Chatham Anglers have a first baseman who likes to talk. Chats it up with all and sundry whole game long. Has conversations with the umpires, the other team's first base coach, every opposing player makes it down to first, even the ones who are only there in passing, on their way to second or on their way back to the dugout. Outgoing, you would say. And I wonder if that's a general trait for first basemen, along with being tall and quick and left-handed and able to hit with some power---chattiness. After all, of all the players on the field, first basemen get the most company. There can be crowds at third base sometimes, but runners don't spend a lot of time there usually, and at any rate when there's a runner on third, the game is at an intense moment and the runner and the third basemen need to focus.
But a runner can spend a good ten or fifteen minutes hanging around at first. Three long at bats that end in strike-outs or lazy flies and the runner and the first basemen will have lots of time to really get acquainted.

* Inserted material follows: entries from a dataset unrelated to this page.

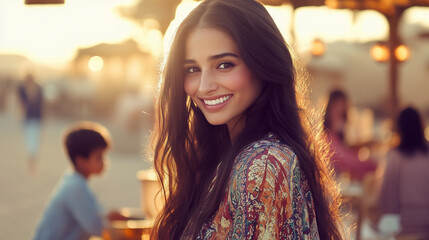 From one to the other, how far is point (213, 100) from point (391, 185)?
11.0ft

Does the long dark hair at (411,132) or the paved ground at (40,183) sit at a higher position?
the long dark hair at (411,132)

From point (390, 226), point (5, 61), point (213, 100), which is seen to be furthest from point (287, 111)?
point (5, 61)

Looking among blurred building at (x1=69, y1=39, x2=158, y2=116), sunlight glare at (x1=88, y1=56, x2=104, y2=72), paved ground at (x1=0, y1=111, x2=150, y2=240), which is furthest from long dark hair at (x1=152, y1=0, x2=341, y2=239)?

Get the umpire and the first base coach involved, call down to the second basemen from time to time, and you've got a party out there.
So I wonder if it's common for first basemen to be gregarious types, natural born hosts, as it were.
At any rate, Chatham's first basemen seems a friendly guy.
He's something else too. Tricky.
Other night, Falmouth had a man on, fancied himself a base-stealer, probably because he was. He had the Ricky Henderson thing going on. A batting glove flapping from each back pocket, taking long leads in a low, low crouch with his legs spread wide. Give him a chance and he's going, all the way to third, he sees his way clear. So there he is, big lead and a big lean towards second, and the Chatham first baseman's playing well off the bag behind him, deep in the hole towards second, not bothering to hold the runner on, because Chatham's up by a few and there's two outs, who cares if he runs?
The first baseman breaks for the bag. You can hear the ball whipping over, smack into the first baseman's mitt. The runner's caught flat footed. He snaps his head around, frantically looking for the first baseman, loses his balance a bit as part of him takes off for second and another part tries to make it back to first, and a third just stands there saying, What the fuck!, which is the part of him that knows all of him is out by a mile, whichever way he goes.
Then it dawns on him. The pitcher isn't looking at him. The pitcher's looking in at the catcher. The pitcher's still holding the ball on his hip. The runner turns and glares at the first baseman, who's grinning from ear to ear, lazily punching his empty glove.
I'll bet he's been perfecting that trick and the sound effects since his first year of little league.